Car il s'agit maintenant, avec le Ressuscité, de tout autre chose : il s'agit de croire, même si Jésus vous apparaît ! Ce sera clairement dit par Jésus Lui-même à Thomas, l'incrédule, et à tous les autres.

Il faut bien se dire que les Apôtres ont douté... jusqu'à la Pentecôte, même si Jésus a mangé avec eux au Cénacle et sur le bord du lac de Tibériade ! Et la raison en est toute simple : leurs yeux, comme les nôtres, les yeux de tout corps qui n'est pas encore passé par la mort et la résurrection, sont incapables de voir le Ressuscité, ça leur est impossible. Et pourtant le Ressuscité se montre à eux, discrètement si l'on peut dire puisqu'il n'aura plus de longs entretiens avec eux pour continuer leur instruction, excepté pour les disciples d'Emmaüs.

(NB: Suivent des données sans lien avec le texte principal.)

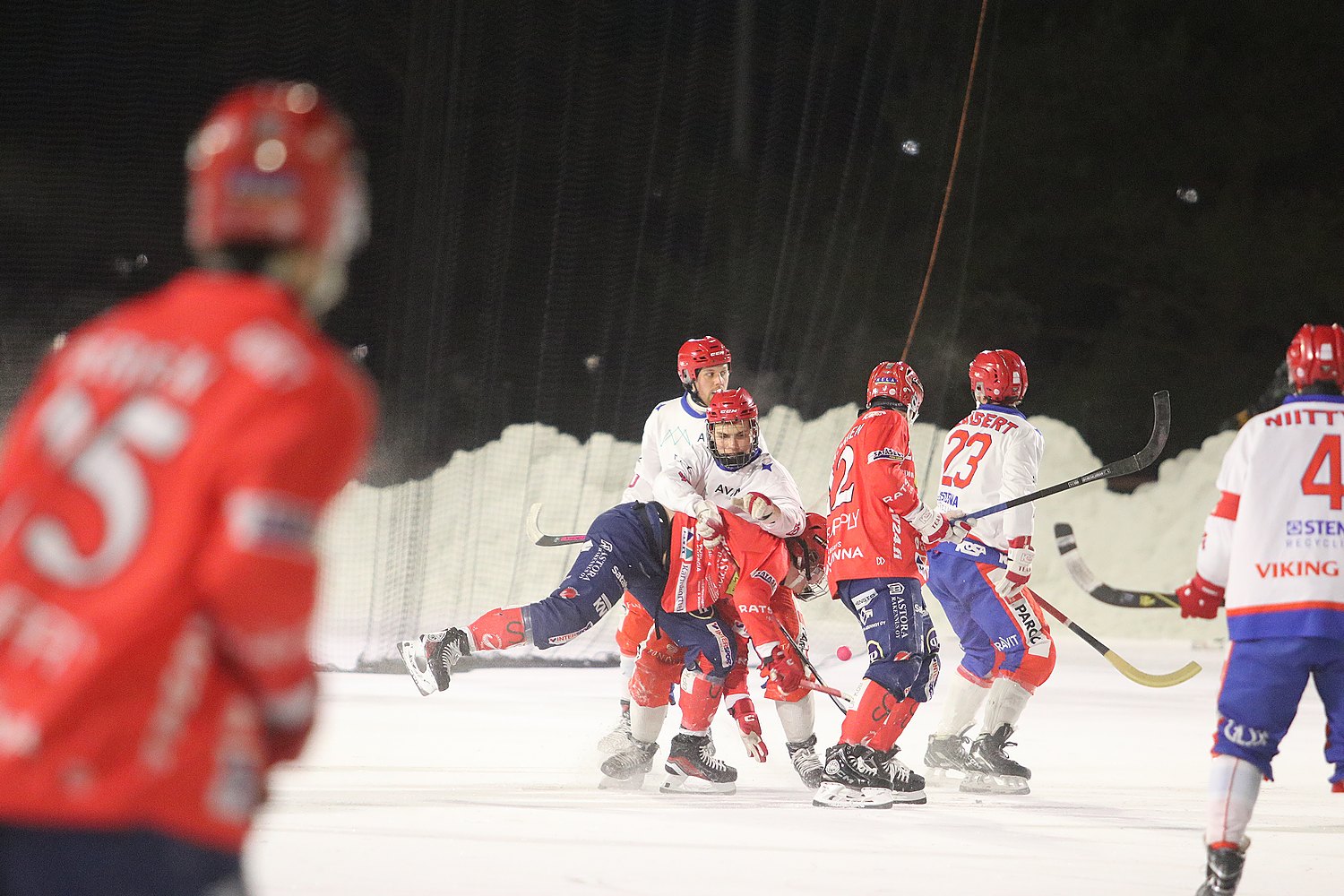 6.1.2025 - (Narukerä-HIFK)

Les seules paroles, comme son long enseignement sur le chemin d'Emmaüs, les seules paroles qu'Il échange avec eux sont pour affermir leur foi. Jean d'ailleurs nous précisera que son évangile est écrit uniquement dans ce but : « pour que vous croyiez ! »

Alors, nous, où en sommes-nous ? La foi des Apôtres les a conduits au martyre, ultime et très fort témoignage de la vérité atteinte dans leur foi en la Personne ressuscitée de Jésus-Christ. Jean témoignera d'une autre façon, par ce long ressouvenir de ce qu'il a vécu avec Jésus, témoignage peut-être plus important encore que celui des trois autres évangiles.

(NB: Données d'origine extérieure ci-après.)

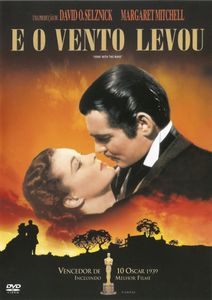 E o Vento Levou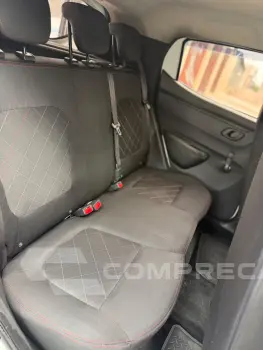 KWID 1.0 12V SCE ZEN
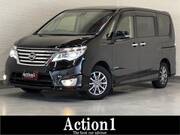 2015 NISSAN SERENA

Bien plus que de nous renseigner sur Jésus, ce qui reste bien entendu très utile, nous avons à mettre notre foi en Lui, et on n'aura jamais fini de le faire. Ce que n'ont aucunement compris les détracteurs d'aujourd'hui, forts de découvertes archéologiques ou autres, à partir desquelles ils en viennent à professer toutes sortes d'inepties sans aucunement s'en rendre compte. Ils ne savent pas ce qu'est la foi. Et ils restent à l'extérieur... On peut alors dire, et même prouver n'importe quoi.